Le nazionalità sono diverse: molte dell’Europa dell’Est alle quali si aggiungono donne cinesi e nigeriane. Identificati anche transessuali brasiliani e peruviani. Appena due le donne italiane. Le zone interessate sono le “storiche” della Statale 16 e il lungomare; mentre tra le zone emergenti ci sono quelle della chiesa di San Nicolò e territori periferici come Viserbella (dove stazionano quattro ragazze). Perfino l’incrocio tra la Tolemaide e la Statale Adriatica si è “ripopolato” di ragazze giovanissime.
Tutte donne che vengono addittate così: “Lo fanno volontariamente”. Esattamente com’è capitato a Rachel Moran. “L’avevo scelto, sì, ma stavo impazzendo”.

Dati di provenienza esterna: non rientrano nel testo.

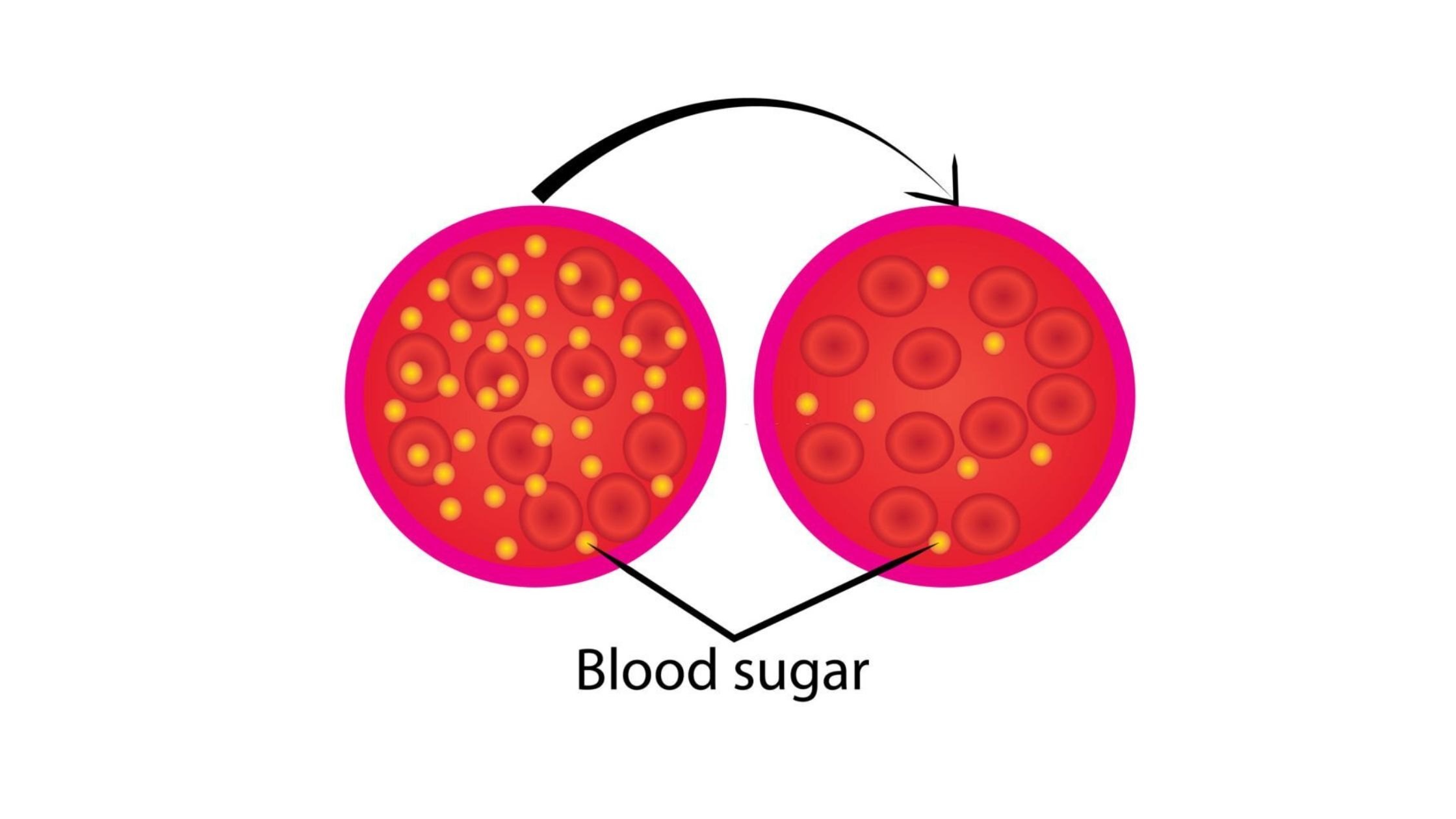 Liquid Thickeners Reduce Blood Sugar After Eating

La Moran ha avuto una vita molto difficile. Questa americana dagli occhi di ghiaccio e dallo sguardo che pare senza emozioni, non si nasconde e non cerca scuse. Mentre parla e racconta, il suo volto non esprime emozioni? L’espressione neutra che l’accompagna, è una “capacità” di dissociarsi dalla realtà che assicura è “abilità piuttosto comune tra le prostitute”. Lo ha raccontato a Rimini, nell’evento organizzato dalla papa Giovanni XXIII, ad una Sala del Giudizio piena e silenziosa, quasi rapita dalla sua storia. Quella di una ragazza che a soli 15 anni ha cominciato a prostituirsi sulle strade di Dublino, lei scappata di casa e senzatetto. La sua drammatica vicenda è diventata un libro, Stupro a pagamento, giudicato da Jane Fonda “Una prova inconfutabile del perché la prostituzione non dovrebbe mai essere regolamentata”. Nelle parole della Moran c’è tutta la lucida, dolorosa ed emozionante capacità di descriversi e di sfatare con precisione analitica i miti sulla prostituzione.

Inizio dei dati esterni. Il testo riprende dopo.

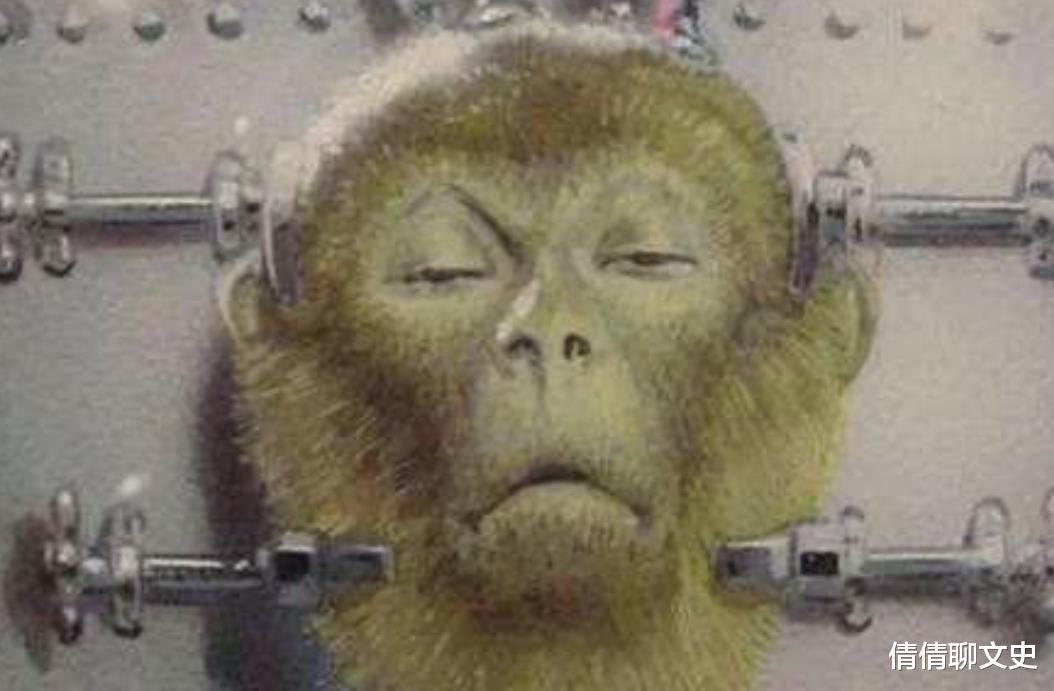 倩倩聊文史 哈医大任晓平：耗资7000万，完成世界首例“换头”手术，结局如何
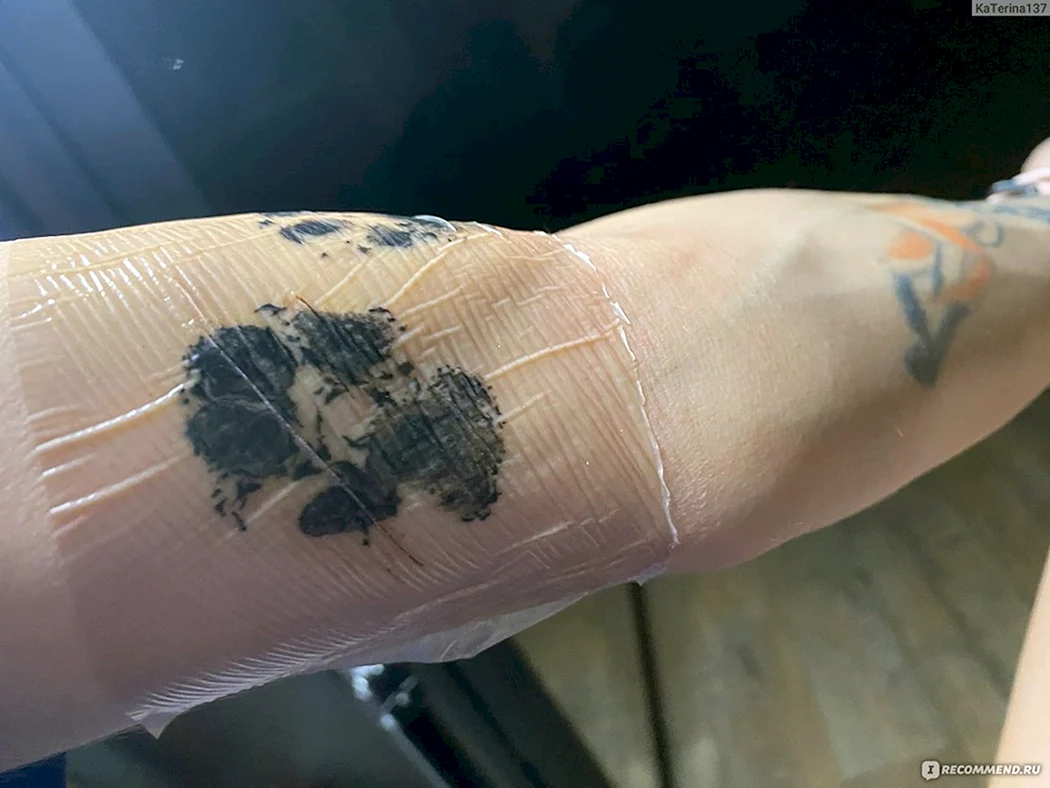 Ранозаживляющие пленки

Una vita difficile, la sua. Cresciuta in una famiglia problematica (padre affetto da bipolarismo e poi suicida e una madre schizofrenica), Rachel vive un’infanzia segnata da povertà ed emarginazione. Lei e i fratelli vivono di elemosine, per gli abitanti del quartiere sono “gli zingari”. Rimane orfana di padre ed è affidata ad una famiglia da cui scappa. La fuga per la libertà si rivela una trappola: diventa senzatetto, vive di espedienti, incontra il ragazzo che la spingerà a prostituirsi.
Per sette, infiniti anni Rachel – finita pure nel vortice delle droghe – frequenta la strada, i bordelli, gli hotel di lusso. Il risentimento crescente e il senso di vergogna la perseguiteranno per molti anni, una sensazione molto più difficile da sconfiggere del dolore.